As well as delays, the evolving design process involved additional expense. Yet, the couple were happy to stretch their budget — it was essential to ensure they had the level of quality and the finishes they wanted. They remained confident the house would be worth it and quite different to anything that they could hope to buy ‘off the peg’. “We are not all meant to live in the same boxes,” Moira comments. “From the design stage I was able to walk about the house in my head and visualise it three-dimensionally. This meant I stayed positive throughout.”

The main living area has a vaulted cathedral ceiling, which creates a sense of space. Floor-to-ceiling glazing connects this room with the rural views — fortunately for Moira and Alfred, privacy is not something they have to worry about in this sparsely populated area. With the master bedroom suite on the ground floor, everything is very accessible. There are two further bedrooms and a living space upstairs — ideal for when the couple’s two children visit.
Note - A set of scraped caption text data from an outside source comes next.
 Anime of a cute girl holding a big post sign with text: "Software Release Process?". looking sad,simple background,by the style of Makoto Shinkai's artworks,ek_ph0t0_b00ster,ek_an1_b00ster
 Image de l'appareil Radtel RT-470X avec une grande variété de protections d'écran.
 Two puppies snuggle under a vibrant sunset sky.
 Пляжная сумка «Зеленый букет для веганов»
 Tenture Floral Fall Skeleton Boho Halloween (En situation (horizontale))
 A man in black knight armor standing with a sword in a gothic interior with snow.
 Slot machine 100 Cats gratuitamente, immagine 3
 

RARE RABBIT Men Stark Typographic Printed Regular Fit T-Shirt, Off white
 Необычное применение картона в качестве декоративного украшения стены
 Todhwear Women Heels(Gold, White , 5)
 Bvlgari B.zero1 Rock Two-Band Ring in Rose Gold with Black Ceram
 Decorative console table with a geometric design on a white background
The interiors are streamlined, with features such as shadow gaps replacing traditional beadings and cornices. Located in the joins between the ceiling beams and skirting, these small indentations allow shadows to pool and create a sense of depth and texture in the large neutral spaces.

Although contemporary, this clean-lined house pays homage to Scottish design. “I would call this house a culturally sustainable building,” says Gökay. “It takes cues from the Scottish vernacular but it also accommodates today’s lifestyle, such as the need for open plan spaces for flexible living arrangements.” Moira believes this layout has changed the way she and Alfred live and interact with each other and their children: “The open plan nature of the house encourages us to interact as a family, as we are sharing a space rather than shutting ourselves off in separate rooms. The spaces flow, so I could be in the kitchen while Alfred is in the living room but we are still very much in touch with each other.”

The house is a testament to intelligent architecture that combines innovation with a traditional regard for craftsmanship and context. Sometimes it is good to cherish and restore old buildings, but not all houses are worth the time and money. The couple have no regrets about demolishing the granite cottage and starting from scratch: “I never dreamed I would ever live in a house like this,” Moira concludes.